## [INFORMATION GIVEN]
======

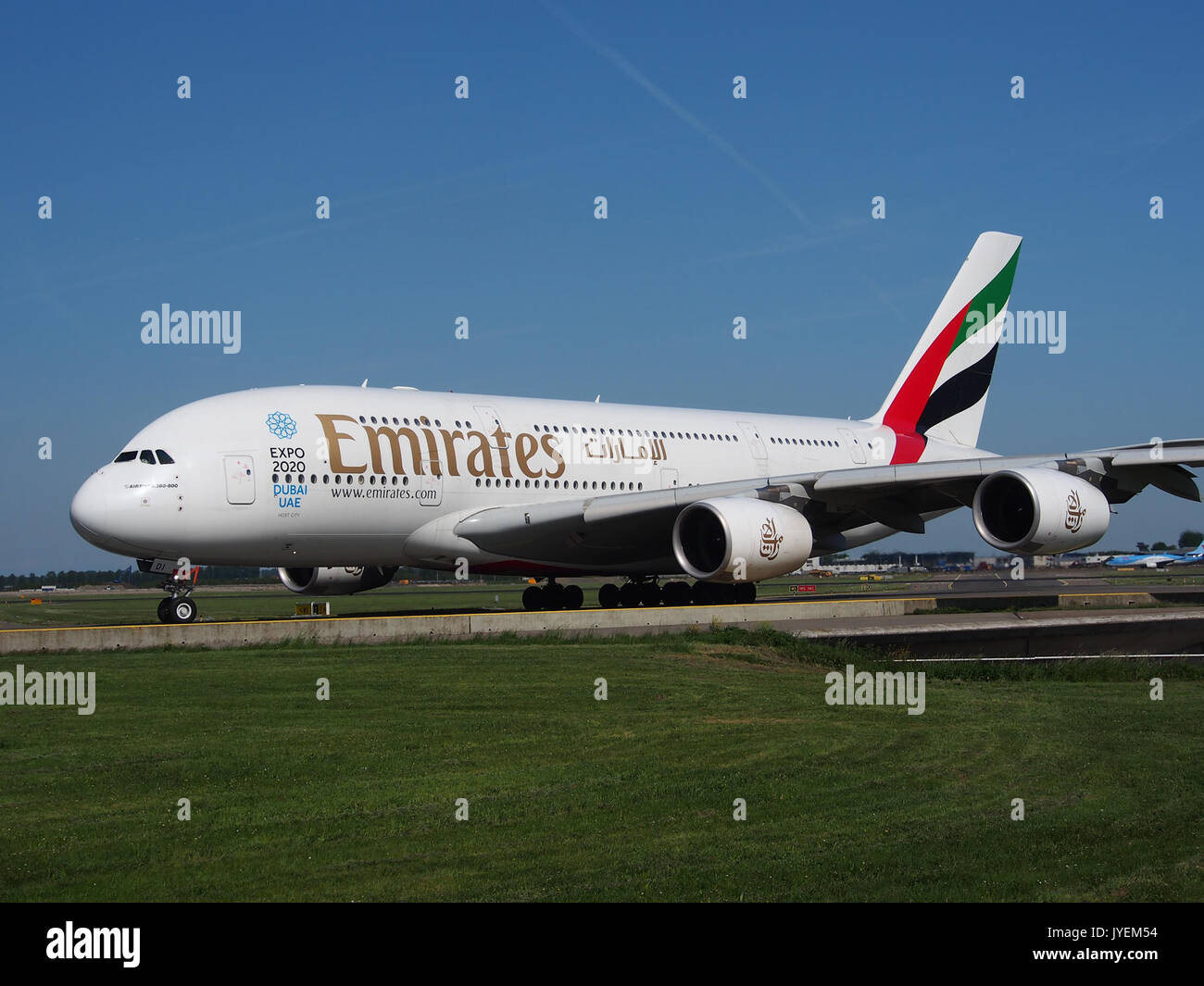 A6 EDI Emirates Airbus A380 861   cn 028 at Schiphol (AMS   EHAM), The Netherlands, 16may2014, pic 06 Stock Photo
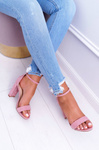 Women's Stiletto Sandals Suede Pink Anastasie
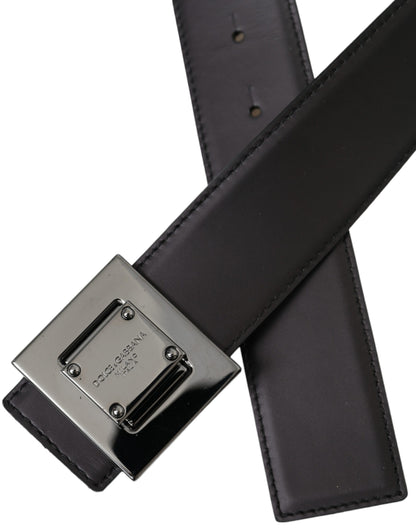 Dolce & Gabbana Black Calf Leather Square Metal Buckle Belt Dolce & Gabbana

======

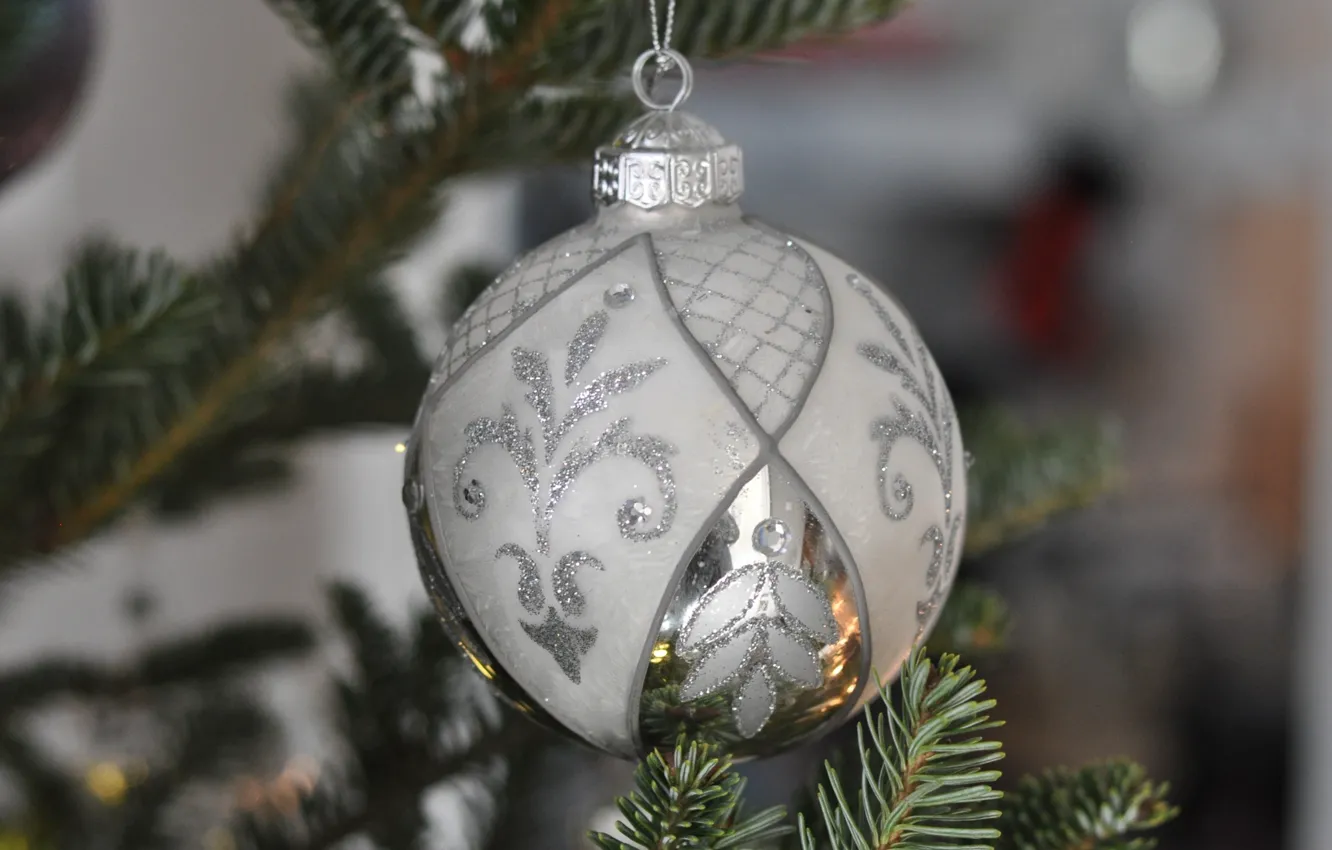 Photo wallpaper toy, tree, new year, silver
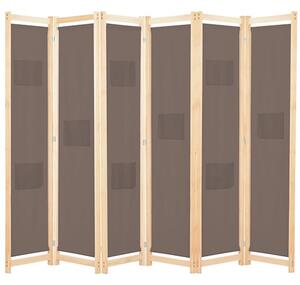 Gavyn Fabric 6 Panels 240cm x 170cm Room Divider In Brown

======

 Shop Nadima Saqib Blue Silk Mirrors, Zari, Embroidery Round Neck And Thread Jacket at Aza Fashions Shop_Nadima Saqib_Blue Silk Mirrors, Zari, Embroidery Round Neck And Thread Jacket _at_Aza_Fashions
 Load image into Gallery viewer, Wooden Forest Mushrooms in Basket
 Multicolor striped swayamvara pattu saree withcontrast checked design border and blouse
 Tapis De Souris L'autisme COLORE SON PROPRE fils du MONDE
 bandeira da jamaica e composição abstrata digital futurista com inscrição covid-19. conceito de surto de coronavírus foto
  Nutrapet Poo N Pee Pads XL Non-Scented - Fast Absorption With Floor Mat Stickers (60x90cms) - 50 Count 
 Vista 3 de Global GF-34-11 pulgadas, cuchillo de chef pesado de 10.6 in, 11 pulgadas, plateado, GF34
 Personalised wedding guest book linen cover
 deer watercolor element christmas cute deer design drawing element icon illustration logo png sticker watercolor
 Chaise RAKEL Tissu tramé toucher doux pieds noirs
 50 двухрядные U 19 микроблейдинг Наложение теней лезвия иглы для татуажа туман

======

## [WORK TO BE COMPLETED]
Return only the part above that opens with the line containing "Photo wallpaper toy, tree, new year, silver" and closes with the line containing "Gavyn Fabric 6", exactly and with both ends, skipping the pictures.

## [SOLUTION TO THE PROBLEM]
 Photo wallpaper toy, tree, new year, silver
 Gavyn Fabric 6 Panels 240cm x 170cm Room Divider In Brown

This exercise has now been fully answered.